É uma coincidência o coletivo ser formado por mulheres. Mas agora somos nós e pronto: Regina, Fatima, Lucimar, Teresinha, Gabriela, Paula, Concha, Flávia, Cris, Deborah, Sílvia, Izilda, Eliana.

Cada uma  leu um parágrafo pequeno de um conto da outra, do livro Serendpt, e esse foi um bom momento da tarde. Eu li, da Regina, esses parágrafos do conto Luís Antonio Raimundo, de Serendpt, p. 196: “Resolvi ir andando pra qualquer lugar. Que tivesse telefone, ou vendesse cerveja. Confesso, Rosalinda, que a essas alturas eu torcia pela segunda opção. Feito cupim alado, confundido na noite, minhas asas me arrastaram em direção a um clarão. Parecia perto, mas a cada lombada a luz dava impressão de andar mais pra frente. Cheguei a mudar o rumo, atrás dos reflexos que brincavam de espelho com a minha vista cansada de buscar foco no vazio”.

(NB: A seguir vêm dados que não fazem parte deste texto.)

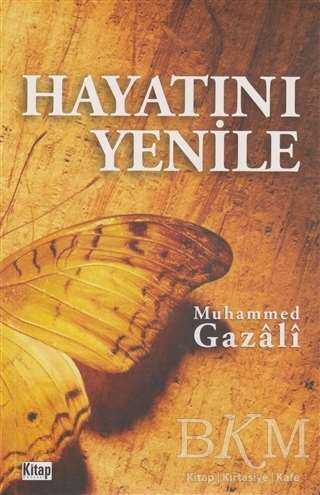 Hayatını Yenile - 1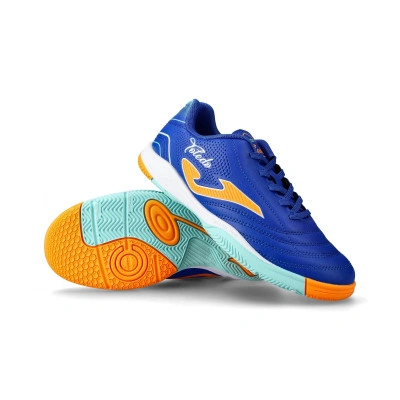 Scarpe Toledo Niño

Perguntada sobre processo de escrita (Graziela, Palavraria Coletivo Literário, também escritora, perguntou), sobre como escrevo, respondi que, em meus dois romances, primeiro encontrei o personagem. Aí  ele me leva ao final da história em um contexto que me mobiliza. Em “Viagem sentimental ao Japão” (Apicuri), Anette está no mundo das viagens, e em “Nove tiros em Chef Lidu” (Circuito), Elvis está nos mundos da investigação criminal e da gastronomia.  Esses personagens têm personalidade forte,  conduzem a história, mesmo que, às vezes, o enredo lhes pregue algumas peças (isso acontece). Gosto de escrever narrativas mais longas.

João perguntou sobre como encontramos editoras e a resposta foi, de minha parte: perseverança e força de vontade. As editoras podem publicar os livros que  quiserem e simplesmente não há como convencê-las se elas não acham o livro bom ou vendável e isso não pode ser criticado. Há um mercado. Mas, por outro lado, como também já ouvi, há algo que se chama the long tail, e me parece que isso quer dizer que há sempre um lugar para quem insiste.

Valorizo cada conexão pela escrita. É muito bom encontrar leitores e, sejam um ou cem mil, como diz um livro de Pirandello, ligações são estabelecidas em um plano diferente, ainda não sei definir bem qual. E vivo melhor.